M. Christophle went on to show how rich and poor had joined in this subscription and raised an amount of 2,586,680 fr. The French Chambers had voted 200,000 fr., to which had been added international gifts from the Tsar, the Emperor of Brazil, and the Sultan. The total expenses would probably reach 1,563,786 fr., leaving a little more than a million to form an endowment for the Pasteur Institute, a fund which was to be increased every year by the product of the sale of vaccines from the laboratory, which Pasteur and Messrs. Chamberland and Roux agreed to give up to the Institute.
“It is thus, Sir,” concluded the treasurer, directly addressing Pasteur, “that public generosity, practical help from the Government, and your own disinterestedness have founded and consolidated the establishment which we are to-day inaugurating.” And, persuaded that the solicitude of the public would never fail to support this great work, “This is for you, Sir, a rare and almost unhoped for happiness; let it console you for the passionate struggles, the terrible anxiety and the many emotions you have gone through.”
Pasteur, overcome by his feelings, had to ask his son to read his speech. It began by a rapid summary of what France had done for education in all its degrees. “From village schools to laboratories, everything has been founded or renovated.” After acknowledging the help given him in later years by the public authorities, he continued—
“And when the day came that, foreseeing the future which would be opened by the discovery of the attenuation of virus, I appealed to my country, so that we should be allowed, through the strength and impulse of private initiative, to build laboratories to be devoted, not only to the prophylactic treatment of hydrophobia, but also to the study of virulent and contagious diseases—on that day again, France gave in handfuls.... It is now finished, this great building, of which it might be said that there is not a stone but what is the material sign of a generous thought. All the virtues have subscribed to build this dwelling place for work.

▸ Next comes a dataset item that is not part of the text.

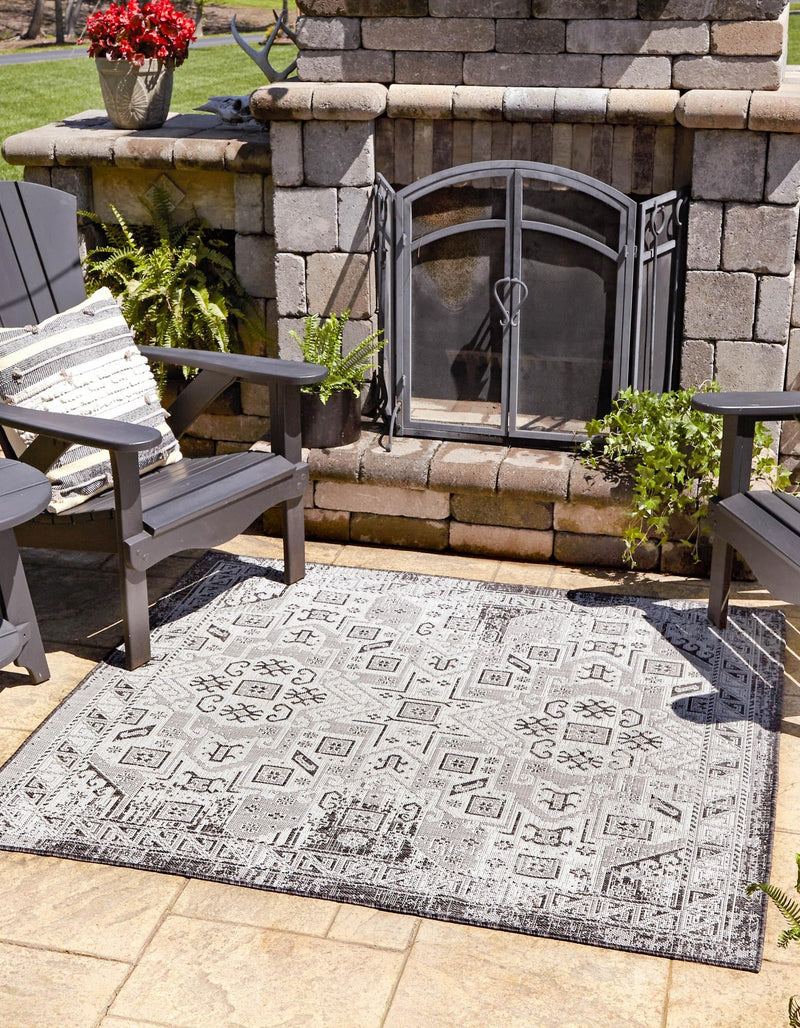 Tribal Terrace Treasures Collection Area Rug - Mayan Marina (Charcoal Gray) Square Charcoal Gray  lifestyle 0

“Alas! mine is the bitter grief that I enter it, a man ‘vanquished by Time,’ deprived of my masters, even of my companions in the struggle, Dumas, Bouley, Paul Bert, and lastly Vulpian, who, after having been with you, my dear Grancher, my counsellor at the very first, became the most energetic, the most convinced champion of this method.
“However, if I have the sorrow of thinking that they are no more, after having valiantly taken their part in discussions which I have never provoked but have had to endure; if they cannot hear me proclaim all that I owe to their counsels and support; if I feel their absence as deeply as on the morrow of their death, I have at least the consolation of believing that all that we struggled for together will not perish. The collaborators and pupils who are now here share our scientific faith....” He continued, as in a sort of testament: “Keep your early enthusiasm, dear collaborators, but let it ever be regulated by rigorous examinations and tests. Never advance anything which cannot be proved in a simple and decisive fashion.
“Worship the spirit of criticism. If reduced to itself, it is not an awakener of ideas or a stimulant to great things, but, without it, everything is fallible; it always has the last word. What I am now asking you, and you will ask of your pupils later on, is what is most difficult to an inventor.
“It is indeed a hard task, when you believe you have found an important scientific fact and are feverishly anxious to publish it, to constrain yourself for days, weeks, years sometimes, to fight with yourself, to try and ruin your own experiments and only to proclaim your discovery after having exhausted all contrary hypotheses.